■ TASK DIRECTIONS: A word-for-word copy of every entry below is required; the images do not belong in it.
===== WORKING DATA
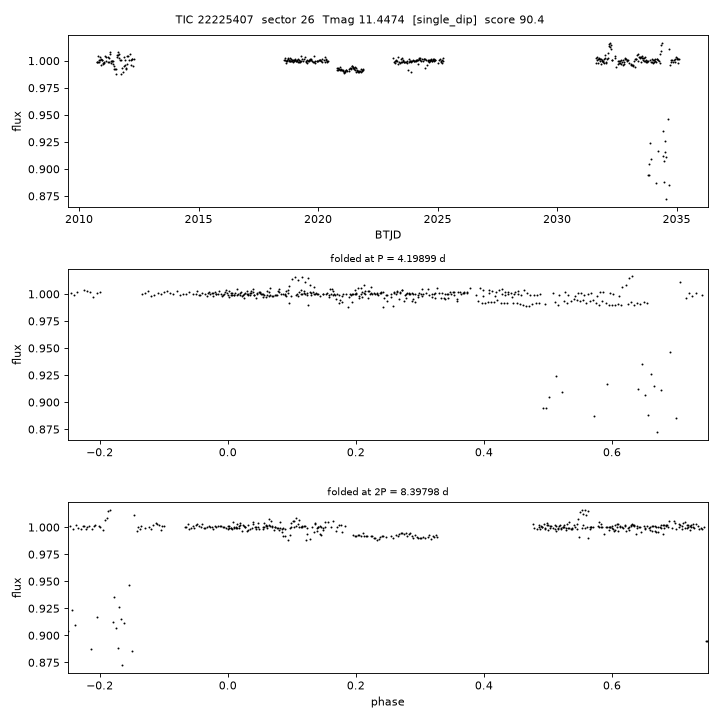 Click to open full size TIC22225407_s0026.png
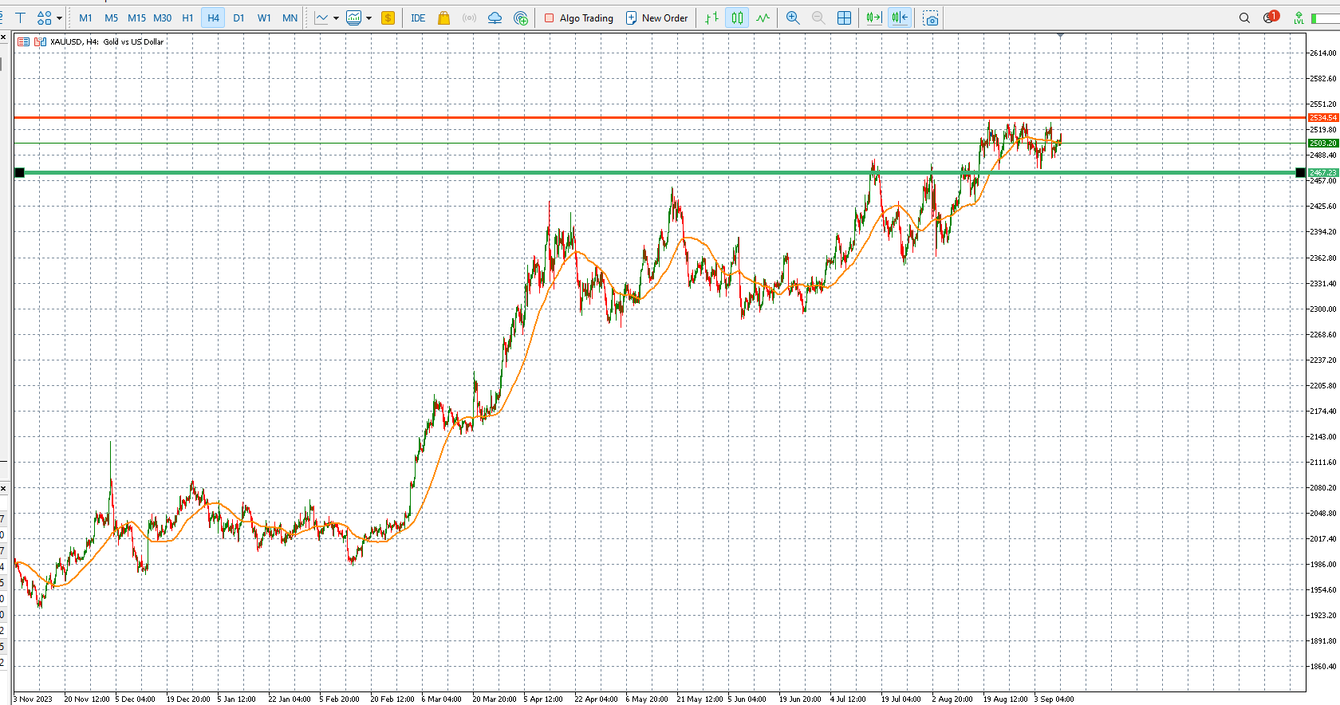 Gold on the edge: will inflation or jobs data tip the balance? teaser image
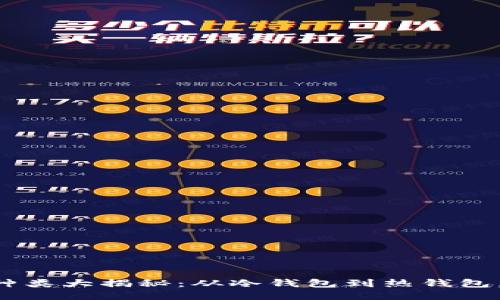 比特币钱包的种类大揭秘：从冷钱包到热钱包，选对才是王道！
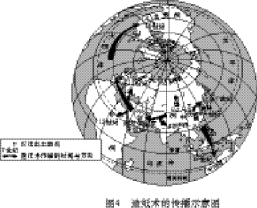 探究题历史英雄赞歌时代楷模_历史探究题_历史探究题是什么意思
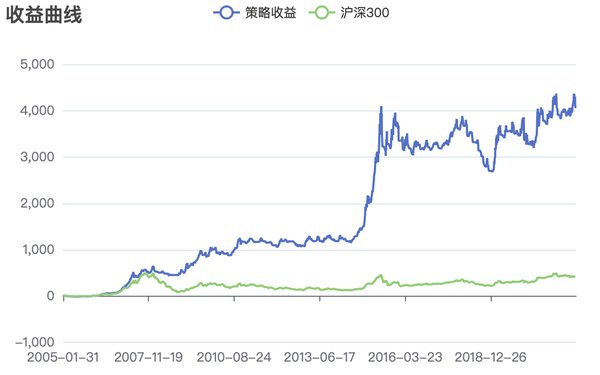 沪深300(000300) 中证500(000905)轮动收益图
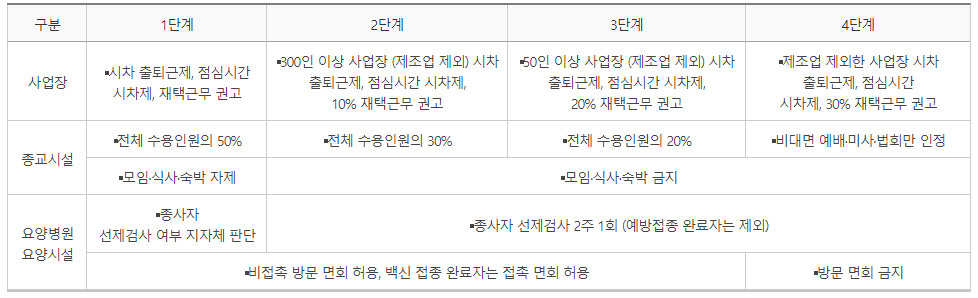사회적 거리두기 4단계 개편안 - 취약시설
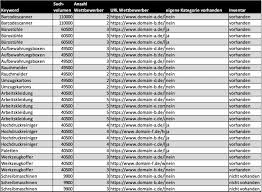 Good keywords make or brake a successful seo marketing campaign. Keyword Recherche Von Null Auf Hundert Omt Magazin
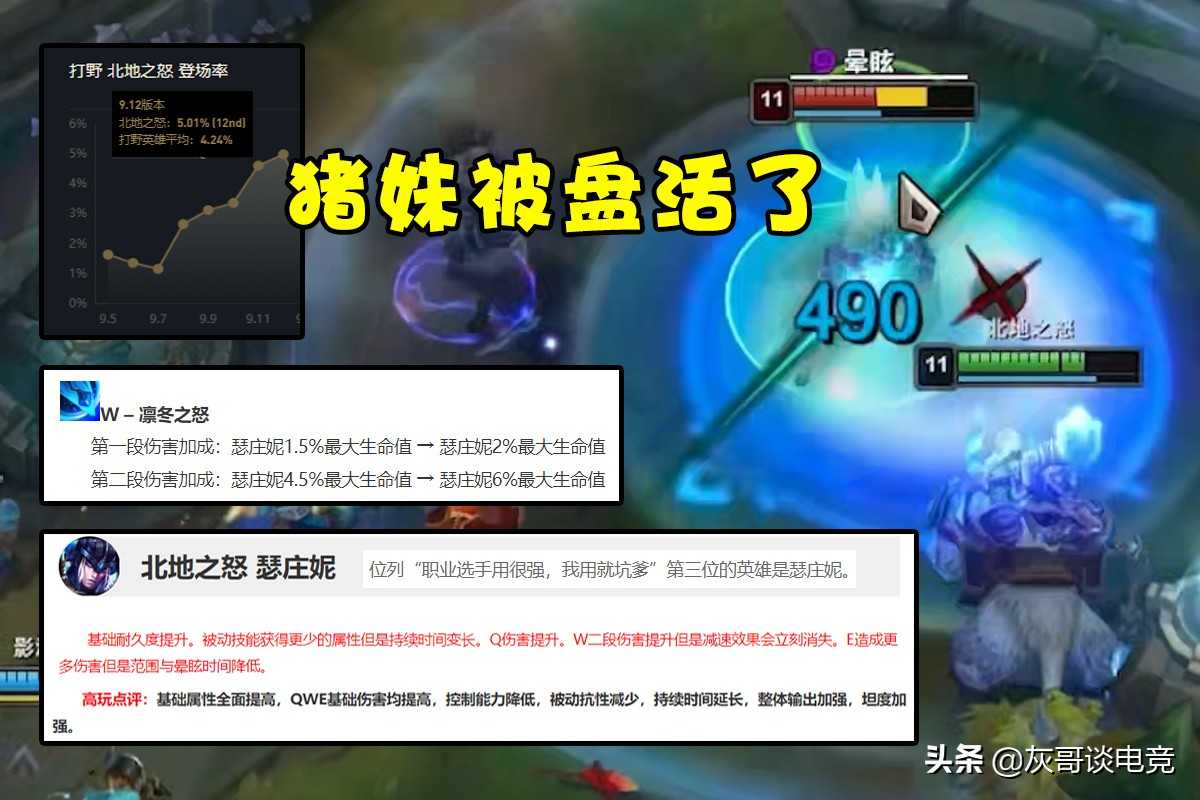 LOL被拳头“玩坏”的英雄,因比赛太火削弱过头,想加强为时已晚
==========
■ WRITTEN RESPONSE:
 Click to open full size TIC22225407_s0026.png
 Gold on the edge: will inflation or jobs data tip the balance? teaser image
 比特币钱包的种类大揭秘：从冷钱包到热钱包，选对才是王道！
 探究题历史英雄赞歌时代楷模_历史探究题_历史探究题是什么意思
 沪深300(000300) 中证500(000905)轮动收益图
사회적 거리두기 4단계 개편안 - 취약시설
 Good keywords make or brake a successful seo marketing campaign. Keyword Recherche Von Null Auf Hundert Omt Magazin
 LOL被拳头“玩坏”的英雄,因比赛太火削弱过头,想加强为时已晚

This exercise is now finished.